■ SUPPLIED RECORDS ■
↓

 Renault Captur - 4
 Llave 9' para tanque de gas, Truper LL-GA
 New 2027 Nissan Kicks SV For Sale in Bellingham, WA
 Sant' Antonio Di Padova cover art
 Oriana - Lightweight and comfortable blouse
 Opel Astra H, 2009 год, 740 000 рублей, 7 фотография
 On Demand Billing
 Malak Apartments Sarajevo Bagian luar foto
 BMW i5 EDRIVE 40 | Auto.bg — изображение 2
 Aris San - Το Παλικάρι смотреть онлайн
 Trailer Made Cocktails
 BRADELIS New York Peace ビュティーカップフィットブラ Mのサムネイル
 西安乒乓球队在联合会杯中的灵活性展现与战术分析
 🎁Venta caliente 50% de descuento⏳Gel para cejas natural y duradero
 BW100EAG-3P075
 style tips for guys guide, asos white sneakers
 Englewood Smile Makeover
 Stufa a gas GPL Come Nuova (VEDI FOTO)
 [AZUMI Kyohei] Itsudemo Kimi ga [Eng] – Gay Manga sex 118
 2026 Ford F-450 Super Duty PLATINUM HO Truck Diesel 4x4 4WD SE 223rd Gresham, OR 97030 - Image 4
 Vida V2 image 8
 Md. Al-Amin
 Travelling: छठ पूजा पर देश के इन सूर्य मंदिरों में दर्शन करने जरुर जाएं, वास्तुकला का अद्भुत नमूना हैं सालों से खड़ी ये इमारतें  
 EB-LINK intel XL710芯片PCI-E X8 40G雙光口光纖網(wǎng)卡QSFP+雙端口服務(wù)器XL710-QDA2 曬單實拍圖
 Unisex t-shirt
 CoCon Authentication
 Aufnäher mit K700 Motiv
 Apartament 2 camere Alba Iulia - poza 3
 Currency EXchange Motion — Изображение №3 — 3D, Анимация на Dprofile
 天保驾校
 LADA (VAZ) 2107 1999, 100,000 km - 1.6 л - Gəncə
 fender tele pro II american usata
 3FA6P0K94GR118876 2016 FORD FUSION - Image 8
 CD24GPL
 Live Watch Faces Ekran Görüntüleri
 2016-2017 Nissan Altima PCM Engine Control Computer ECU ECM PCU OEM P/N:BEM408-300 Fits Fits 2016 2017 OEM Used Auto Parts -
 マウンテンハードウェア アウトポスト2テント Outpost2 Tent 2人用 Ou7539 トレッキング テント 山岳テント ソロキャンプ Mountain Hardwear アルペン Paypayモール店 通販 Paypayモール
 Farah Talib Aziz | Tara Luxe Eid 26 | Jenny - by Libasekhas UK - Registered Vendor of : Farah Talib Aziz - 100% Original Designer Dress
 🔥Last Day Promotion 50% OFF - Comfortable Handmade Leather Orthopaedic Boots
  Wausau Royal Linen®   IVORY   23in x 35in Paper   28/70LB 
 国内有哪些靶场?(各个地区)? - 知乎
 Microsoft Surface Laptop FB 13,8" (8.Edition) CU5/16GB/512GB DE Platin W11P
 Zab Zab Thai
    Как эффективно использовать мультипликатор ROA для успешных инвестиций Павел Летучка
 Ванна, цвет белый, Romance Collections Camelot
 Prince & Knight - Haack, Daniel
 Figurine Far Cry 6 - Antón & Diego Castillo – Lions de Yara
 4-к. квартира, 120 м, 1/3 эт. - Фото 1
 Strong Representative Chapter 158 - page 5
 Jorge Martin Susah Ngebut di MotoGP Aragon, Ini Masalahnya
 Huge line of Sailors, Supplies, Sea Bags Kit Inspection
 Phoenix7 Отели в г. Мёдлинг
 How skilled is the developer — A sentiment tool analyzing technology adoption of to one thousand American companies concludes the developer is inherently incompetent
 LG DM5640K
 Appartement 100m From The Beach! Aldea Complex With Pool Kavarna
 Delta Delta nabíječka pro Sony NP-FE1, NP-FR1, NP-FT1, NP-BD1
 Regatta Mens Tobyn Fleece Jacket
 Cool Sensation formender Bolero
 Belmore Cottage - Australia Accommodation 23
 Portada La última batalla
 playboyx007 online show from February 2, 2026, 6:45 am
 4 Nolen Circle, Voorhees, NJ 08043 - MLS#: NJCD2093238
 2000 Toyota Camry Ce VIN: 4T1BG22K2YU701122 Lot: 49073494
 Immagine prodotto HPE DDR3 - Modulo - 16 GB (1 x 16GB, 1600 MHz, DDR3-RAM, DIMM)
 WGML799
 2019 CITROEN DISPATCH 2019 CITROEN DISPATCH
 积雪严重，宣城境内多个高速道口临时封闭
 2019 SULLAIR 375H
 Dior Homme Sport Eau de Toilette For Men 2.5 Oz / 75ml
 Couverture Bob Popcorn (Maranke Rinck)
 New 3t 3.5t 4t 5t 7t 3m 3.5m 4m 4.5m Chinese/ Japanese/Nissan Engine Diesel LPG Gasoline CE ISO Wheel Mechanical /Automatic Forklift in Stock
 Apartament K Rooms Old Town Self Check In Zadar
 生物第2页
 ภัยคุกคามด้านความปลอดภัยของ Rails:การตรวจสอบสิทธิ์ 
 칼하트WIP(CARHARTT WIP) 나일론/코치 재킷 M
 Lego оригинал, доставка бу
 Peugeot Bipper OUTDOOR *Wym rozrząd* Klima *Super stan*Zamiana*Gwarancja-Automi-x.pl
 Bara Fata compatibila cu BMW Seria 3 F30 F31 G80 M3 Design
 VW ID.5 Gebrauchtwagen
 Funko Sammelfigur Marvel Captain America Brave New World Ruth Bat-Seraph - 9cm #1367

↑

■ ASSIGNMENT ■
Lines in the records above that contain the word "Diesel" need to be counted; the reply is that number and nothing else.

■ WORKED SOLUTION ■
2